● **Prompt**:
Give the entries back exactly, dropping each image.

● **Data to examine**:
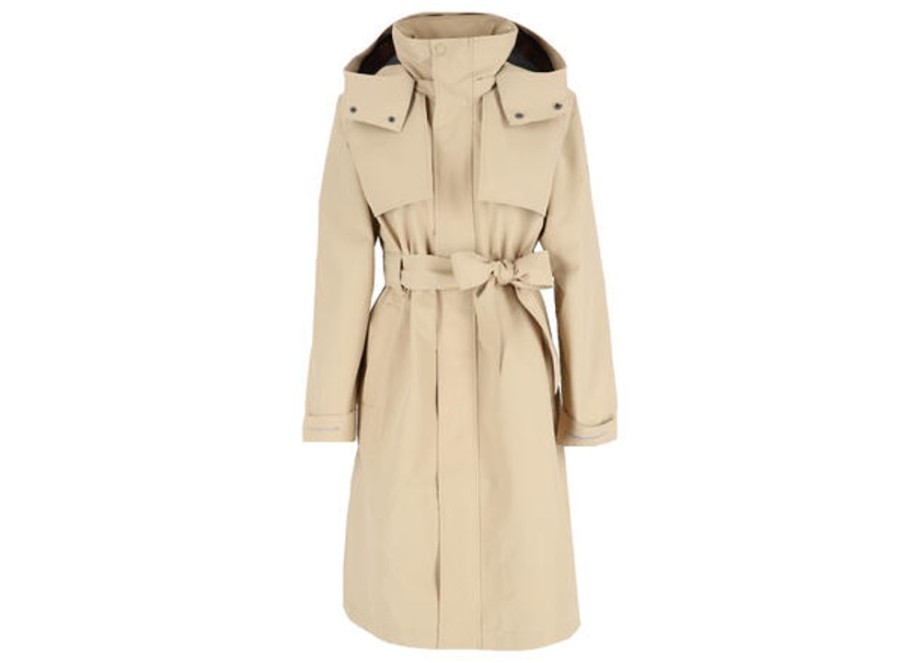 Dame Twentyfour Jakker | Mode 2L Trench D Sand 38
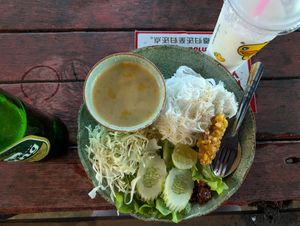  at V Secret Street Food - Food Stall in Chiang Mai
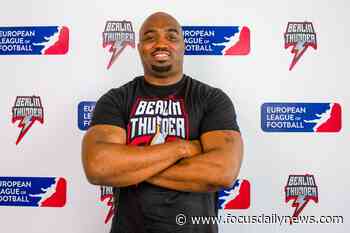 Cedar Hill Alum Herford Is Coaching Football In Berlin - Focusdailynews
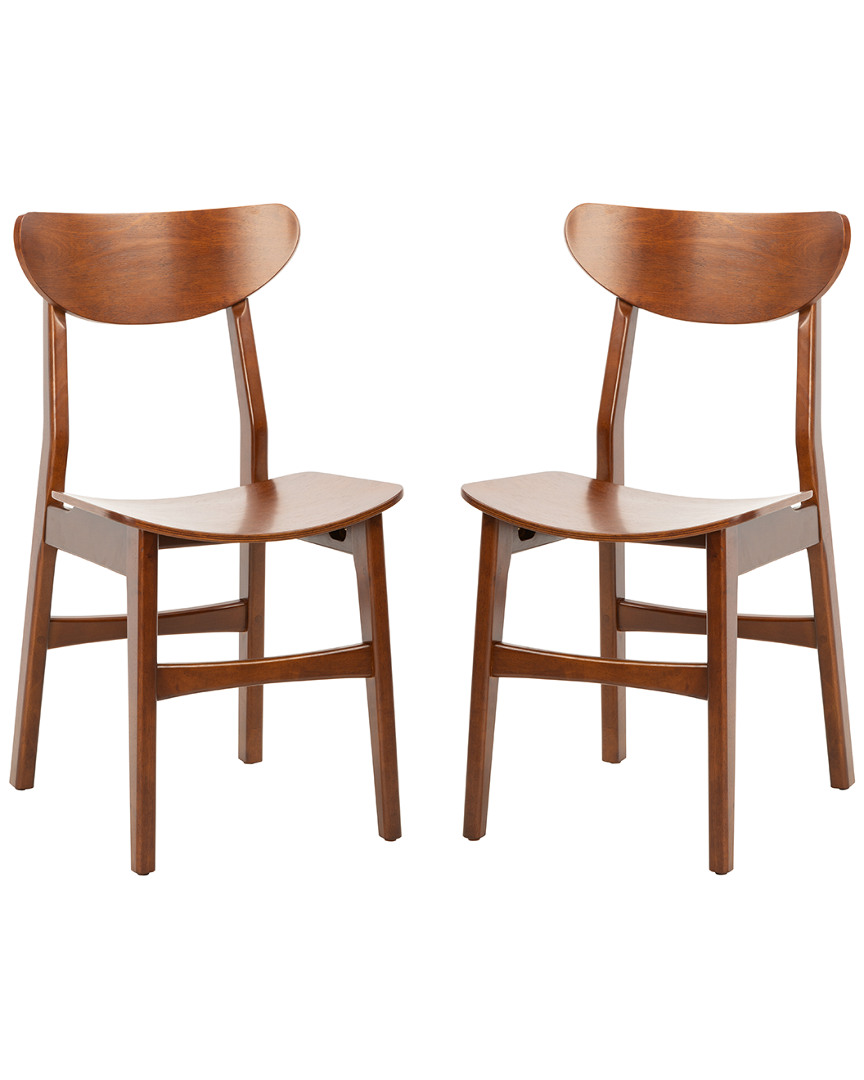Safavieh Lucca Retro Dining Chair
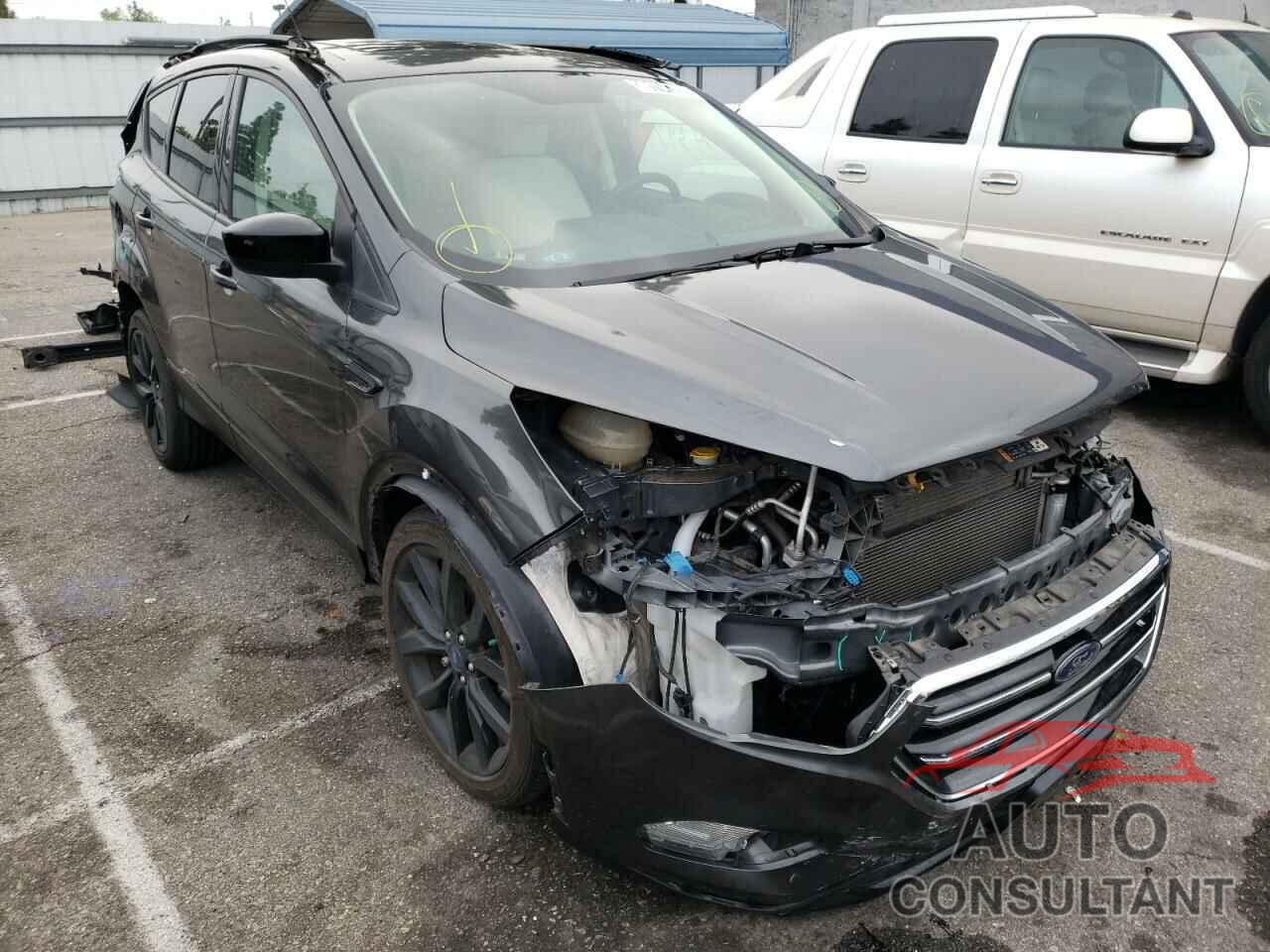FORD ESCAPE 2018 - 1FMCU0HD9JUD05396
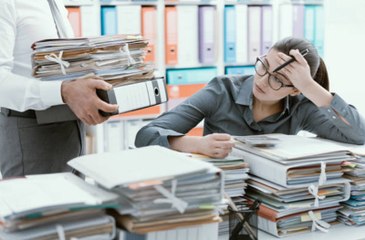 How to Save Yourself From Toxic Productivity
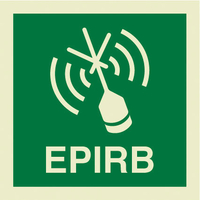 EPIRB - Emergency Position Indicating Radio Beacon with text (2019)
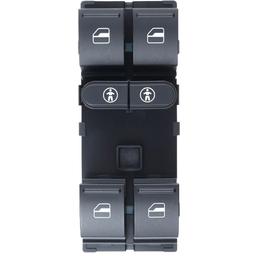 Bouton de lève-vitre avant gauche pour Seat Alhambra VW Sharan Touareg Touran PARTSLINE SC57060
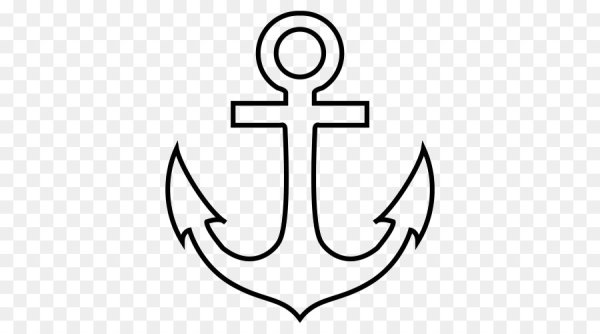 Якорь контур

● **Answer to the problem**:
 Dame Twentyfour Jakker | Mode 2L Trench D Sand 38
  at V Secret Street Food - Food Stall in Chiang Mai
 Cedar Hill Alum Herford Is Coaching Football In Berlin - Focusdailynews
Safavieh Lucca Retro Dining Chair
FORD ESCAPE 2018 - 1FMCU0HD9JUD05396
 How to Save Yourself From Toxic Productivity
 EPIRB - Emergency Position Indicating Radio Beacon with text (2019)
 Bouton de lève-vitre avant gauche pour Seat Alhambra VW Sharan Touareg Touran PARTSLINE SC57060
 Якорь контур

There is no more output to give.